12      Ao abrigo do artigo 99.° do Regulamento de Processo do Tribunal de Justiça, o Tribunal pode, a qualquer momento, mediante proposta do juiz‑relator, ouvido o advogado‑geral, decidir pronunciar‑se por meio de despacho fundamentado, quando, nomeadamente, a resposta a uma questão submetida a título prejudicial não suscite nenhuma dúvida razoável.

13      Sendo esse o caso no presente processo, há que aplicar esta disposição.

14      Em conformidade com o artigo 3.°, n.° 3, do Regulamento n.° 261/2004, este regulamento não se aplica aos passageiros com viagens gratuitas ou com tarifa reduzida não disponível, direta ou indiretamente, ao público. No entanto, o regulamento aplica‑se aos passageiros com bilhetes emitidos no âmbito de um programa de passageiro frequente ou de outro programa comercial de uma transportadora aérea ou de um operador turístico.

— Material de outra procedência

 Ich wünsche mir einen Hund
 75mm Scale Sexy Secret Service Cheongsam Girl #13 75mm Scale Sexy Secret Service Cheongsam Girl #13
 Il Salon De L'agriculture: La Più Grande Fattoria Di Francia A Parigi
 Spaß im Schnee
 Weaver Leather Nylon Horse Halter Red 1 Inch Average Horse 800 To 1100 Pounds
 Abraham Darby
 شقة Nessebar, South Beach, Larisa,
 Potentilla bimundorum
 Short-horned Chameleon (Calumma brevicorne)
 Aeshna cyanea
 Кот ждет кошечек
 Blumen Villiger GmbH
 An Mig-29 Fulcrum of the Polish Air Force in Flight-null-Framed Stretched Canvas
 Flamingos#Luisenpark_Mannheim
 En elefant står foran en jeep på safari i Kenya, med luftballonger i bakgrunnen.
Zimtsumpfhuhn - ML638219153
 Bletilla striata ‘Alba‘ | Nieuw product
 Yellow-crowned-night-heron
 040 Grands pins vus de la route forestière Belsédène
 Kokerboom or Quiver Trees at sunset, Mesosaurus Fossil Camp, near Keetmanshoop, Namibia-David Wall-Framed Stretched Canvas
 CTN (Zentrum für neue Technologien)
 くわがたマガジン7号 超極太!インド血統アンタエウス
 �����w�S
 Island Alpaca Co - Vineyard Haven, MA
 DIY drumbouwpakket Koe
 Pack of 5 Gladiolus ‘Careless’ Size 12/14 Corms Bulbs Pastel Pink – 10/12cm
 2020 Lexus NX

15      Daqui decorre, por um lado, que os passageiros que viajam com bilhetes emitidos gratuitamente por uma transportadora aérea não estão abrangidos pelo Regulamento n.° 261/2004, a não ser que esses bilhetes tenham sido emitidos no âmbito de um programa de passageiro frequente ou de outro programa comercial.

16      Por outro lado, os passageiros que viajam com bilhetes de que apenas pagam parte do preço, quanto a eles, estão abrangidos pelo Regulamento n.° 261/2004 se a tarifa reduzida paga estiver disponível, direta ou indiretamente, ao público ou se os bilhetes tiverem sido emitidos no âmbito de um programa de passageiro frequente ou de outro programa comercial.

17      A este respeito, um bilhete com tarifa preferencial como os que estão em causa no processo principal, que apenas está disponível para certas pessoas determinadas no âmbito de uma operação de patrocínio de um evento e que só pode ser emitido após autorização prévia e individualizada da transportadora aérea em causa, não pode ser considerado disponível ao público, seja direta seja indiretamente, nem emitido no âmbito de um programa de passageiro frequente ou de outro programa comercial.

18      Por conseguinte, os passageiros que viajam com esses bilhetes não podem invocar a aplicação do Regulamento n.° 261/2004 e os direitos dele decorrentes.

19      Consequentemente, há que responder à questão que o artigo 3.°, n.° 3, do Regulamento n.° 261/2004 deve ser interpretado no sentido de que esse regulamento não se aplica a um passageiro que viaja com um bilhete com tarifa preferencial emitido por uma transportadora aérea no âmbito de uma operação de patrocínio de um evento, cujo benefício está restringido a certas pessoas determinadas e cuja emissão pressupõe a autorização prévia e individualizada dessa transportadora aérea.

 Quanto às despesas

20      Revestindo o processo, quanto às partes na causa principal, a natureza de incidente suscitado perante o órgão jurisdicional de reenvio, compete a este decidir quanto às despesas.

Pelos fundamentos expostos, o Tribunal de Justiça (Nona Secção) declara:

O artigo 3.°, n.° 3, do Regulamento (CE) n.° 261/2004 do Parlamento Europeu e do Conselho, de 11 de fevereiro de 2004, que estabelece regras comuns para a indemnização e a assistência aos passageiros dos transportes aéreos em caso de recusa de embarque e de cancelamento ou atraso considerável dos voos e que revoga o Regulamento (CEE) n.° 295/91, deve ser interpretado no sentido de que esse regulamento não se aplica a um passageiro que viaja com um bilhete com tarifa preferencial emitido por uma transportadora aérea no âmbito de uma operação de patrocínio de um evento, cujo benefício está restringido a certas pessoas determinadas e cuja emissão pressupõe a autorização prévia e individualizada dessa transportadora aérea.

Assinaturas


*      Língua do processo: português.